Harris Interactive a donné la semaine dernière la liste PS-Place Publique jusqu’à 14 %, contre 16 % pour Renaissance. « Aujourd’hui, on est à 13-16. On est dans la marge d’erreur », souligne Jean-Daniel Lévy. Autrement dit, les deux listes peuvent être au coude-à-coude potentiellement. Pour le directeur délégué d’Harris Interactive, « il y a pas mal de choses qui peuvent aller dans le sens encore d’une progression de Glucksmann. Tout une partie de l’électorat Hayer peut encore changer d’avis, ce n’est pas gravé dans le marbre ».

L’autre croisement de courbe possible, et qui pourrait faire autant de bruit, ce serait celui entre la liste LR de François-Xavier Bellamy, qui est vers 7-8 % voire moins, et celle Marion Maréchal de Reconquête, autour de 6 voire 7 %. « Aujourd’hui, ils sont à touche-touche. Il y a plutôt une dynamique pour Reconquête. La campagne LR a vraiment du mal à décoller. Si LR est derrière, ce sera assez déterminant pour la suite de la vie politique française », pense Laure Salvaing.

Solidité du vote Renaissance et RN, beaucoup moins pour les listes de gauche et LR

Ce qui plaide pour quelques évolutions possibles, c’est aussi l’enjeu de ce qu’on appelle l’abstention différentielle. « Le premier enjeu pour les partis, c’est la mobilisation », relève Stéphane Zumsteeg d’Ipsos, d’autant qu’« il y a encore énormément de réservoir de Français qui déclarent ne pas être certains d’aller voter, c’est plus d’une personne sur deux. Cela vaut pour tous les partis. L’essentiel, c’est de récupérer les gens qui votent pour eux, notamment à la présidentielle ».

En lien avec cette mobilisation, il est intéressant de noter le niveau de certitude du vote, selon les listes, qui est plus ou moins fort, et globalement faible. « Dans notre dernière enquête pour Le Parisien et France Info, vous avez en gros 63 % des gens qui disent que leur vote est définitif », explique le directeur du département politique et opinion d’Ipsos. Dans le détail, « le vote est le plus ferme, définitif, pour Renaissance, à 81 %, et pour le RN, à 80 %. En revanche, pour toutes les autres forces, l’hésitation est encore forte : 60 % pour le PS, ce qui veut dire que 40 % peuvent encore changer d’avis, 63 % pour LFI et seulement 34 % pour EELV. C’est un signe de faiblesse », souligne Stéphane Zumsteeg, alors que la tête de liste Marie Toussaint n’est qu’à 6-7 %. Mauvais résultat également pour la liste LR, où seulement « 40 % » des sondés sont certains de voter Bellamy, et « 46 % pour Reconquête ». « Cela montre que les choses pourraient changer à gauche et à droite », conclut le responsable d’Ipsos.
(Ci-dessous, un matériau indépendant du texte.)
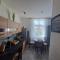 Apartament Zacisze 5 - 普热梅希尔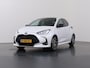 Toyota Yaris 1.5 Hybrid Executive | Panoramadak | Stoel/Stuurverwarming | JBL | Cruise Control Adaptief | Parkeercamera | Navigatie |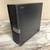 Dell Optiplex 7050 SFF PC - i5- 16GB - 512GB NVME SSD W11P New KB MS 5 thumbnail
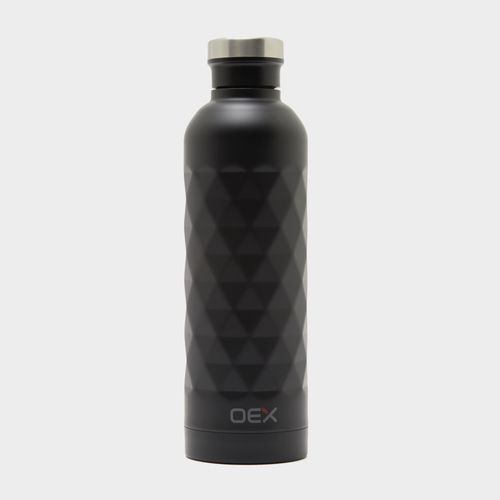 OEX 750ml Double Wall Bottle,...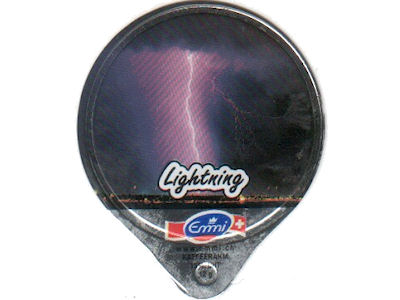Serie 1.446 C \"Lightning\", Gastro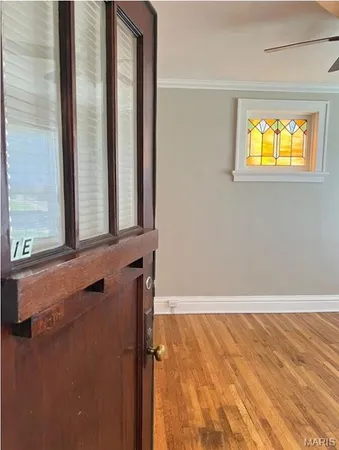 $434,900 | 4951 Magnolia Avenue, St. Louis, MO 63139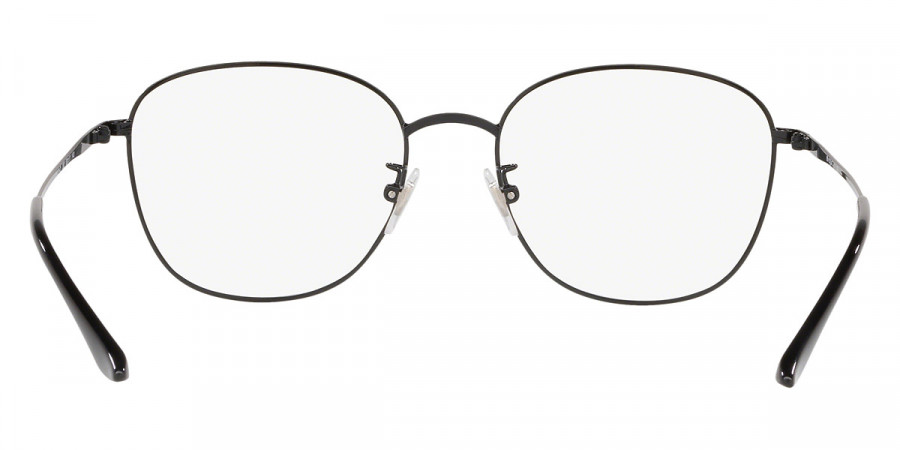 Vogue Eyewear™ - VO4124D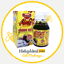 hidupideal.com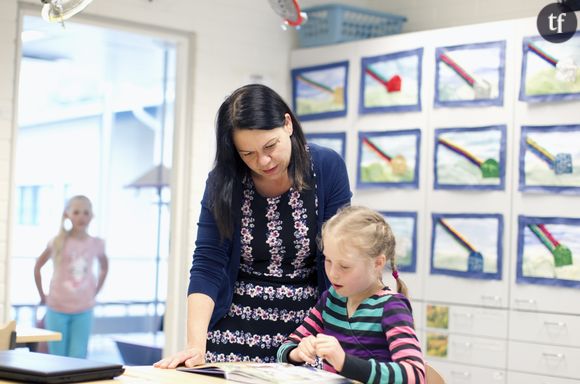 3 jolies idées à piquer aux écoles finlandaises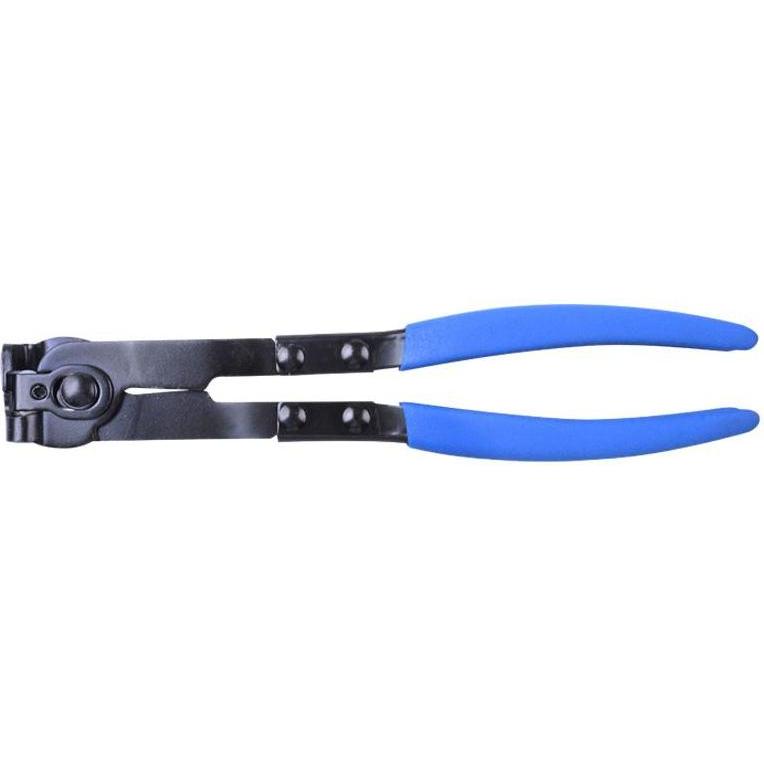 King, Zange, Hc Pliers For Joint Groups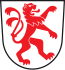 Blason de Bad Schussenried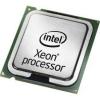 Dell Intel® Xeon® 4110 (20M Cache, 2.10 GHz)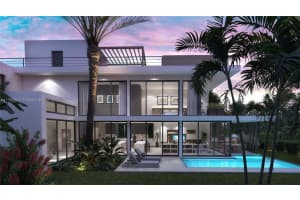 2110 S Miami Ave Miami, FL 33129 - MLS#A11700642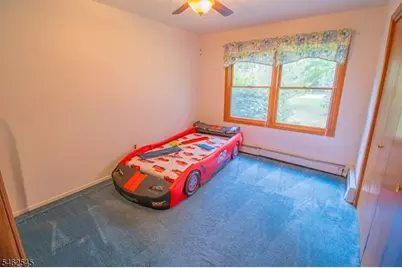 118 Ridge Rd, Frankford Township, NJ 07826 - Photo 12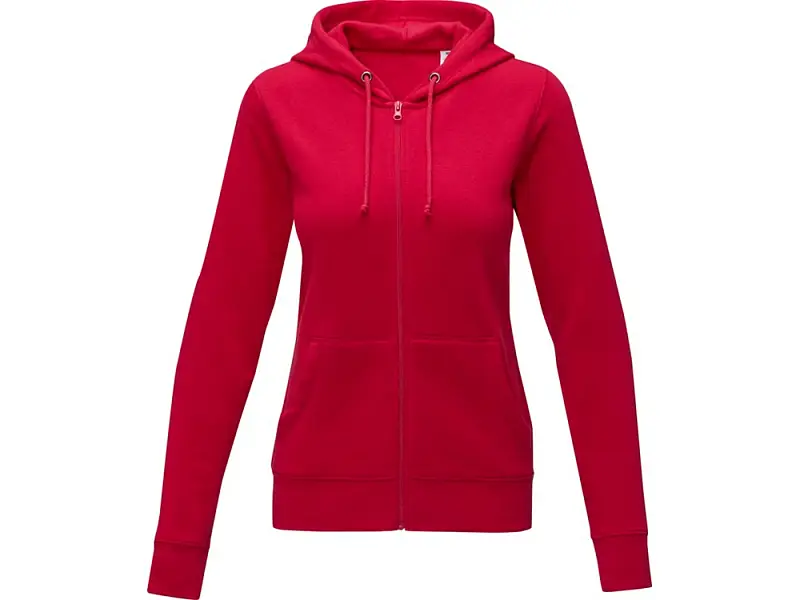 Показать дополнительное фото 1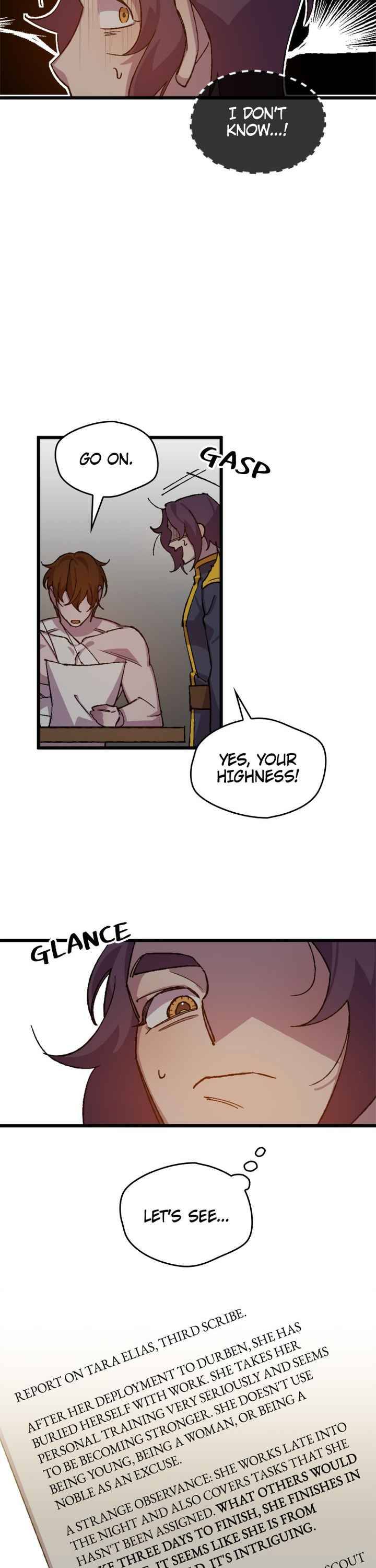 Page 30 of Chapter 43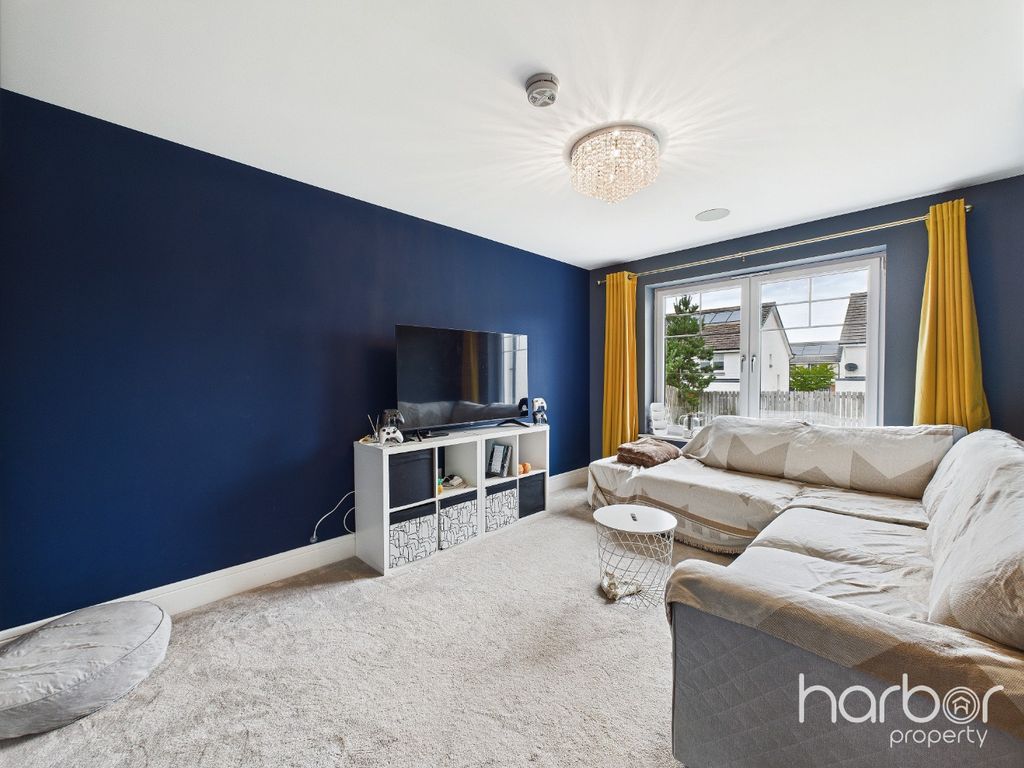 Property photo 3 of 24 4322967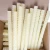 Import 3M High Quality Tan Hot Melt Adhesive Glue Stick 3747 from China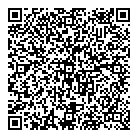 QR код "СибМастер"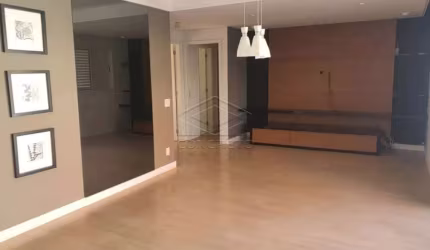 EUROPA RESIDENCIAL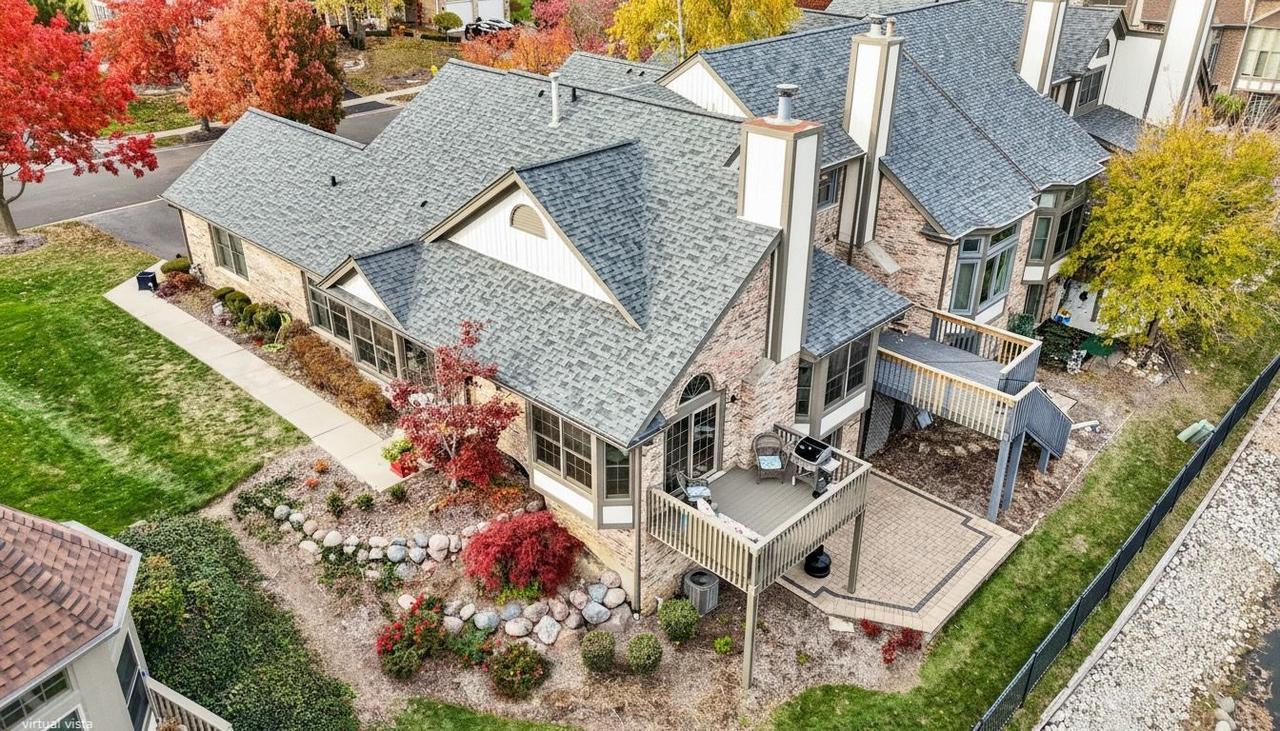 [Address Hidden by Seller], Orland Park, IL 60462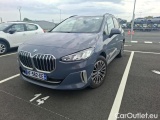Serie 2 Active Tourer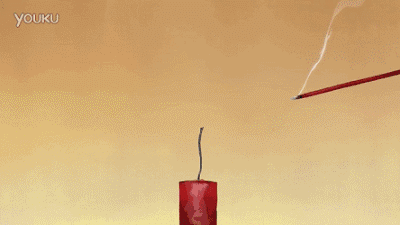 中国家庭60%的问题，都因为没处理好这种关系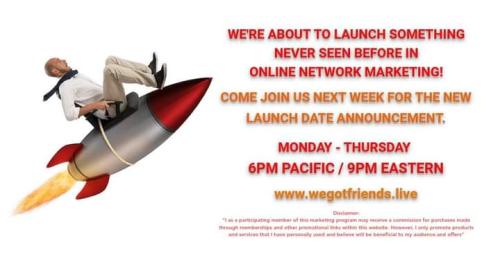 FB_IMG_1682057284193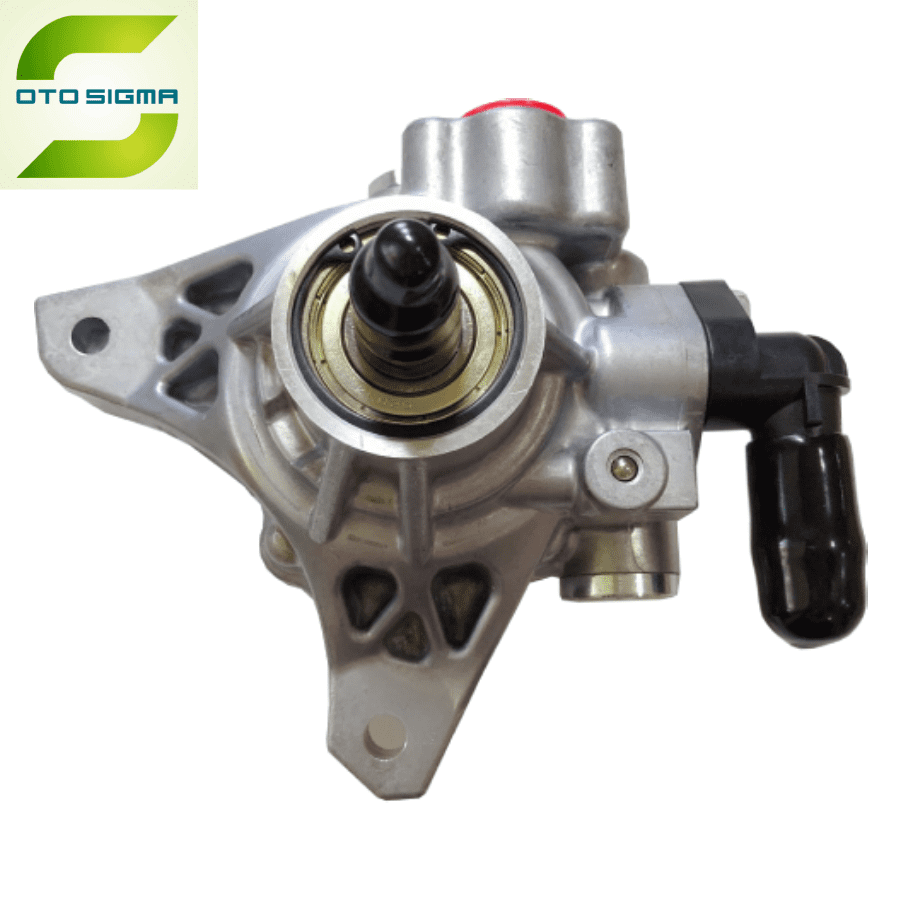 Taiwan Auto Parts Power Steering Pump-56110-RFE-013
Mais selon les instituts, la lecture peut différer… « La sûreté de choix est très forte pour le RN. Ils sont hauts et solides. Elle est relativement solide pour les sympathisants LR et la majorité présidentielle, et les sympathisants Reconquête se montrent particulièrement mobilisés pour ce scrutin », selon Laure Salvaing de l’institut de sondage Verian.

« Des événements internationaux pourraient venir bouleverser cet équilibre »

Des événements de campagne, ou extérieurs, pourraient aussi rebattre les cartes. « On va avoir le discours d’Emmanuel Macron à la Sorbonne, celui de Raphaël Glucksmann sur l’Europe, la présentation du projet écolo, celui de Bardella, bientôt d’autres débats, dont celui du 5 mai du RTL », souligne Jean-Daniel Lévy. « Des événements internationaux pourraient venir bouleverser cet équilibre. C’est le point de vigilance. Il pourrait alors y avoir le fameux effet drapeau, qui a bénéficié à Emmanuel Macron en 2022, avec l’Ukraine », ajoute Laure Salvaing.

Le manque de connaissance globale vis-à-vis du scrutin joue aussi. « Selon un sondage pour le Parlement européen sur la connaissance de la date de l’élection, la France est en dernier. C’est le pays où on sait le moins quand va avoir lieu l’élection », souligne Laure Salvaing, qui note au passage que « si l’abstention est plus forte qu’attendue, aujourd’hui autour de 50 %, les marges d’erreurs sont encore plus importantes ». De quoi renforcer le risque de surprises. « Il reste un mois et demi. C’est long quand même », conclut la directrice générale de Verian. Le temps de susciter tous les espoirs… comme d’amener à quelques désillusions.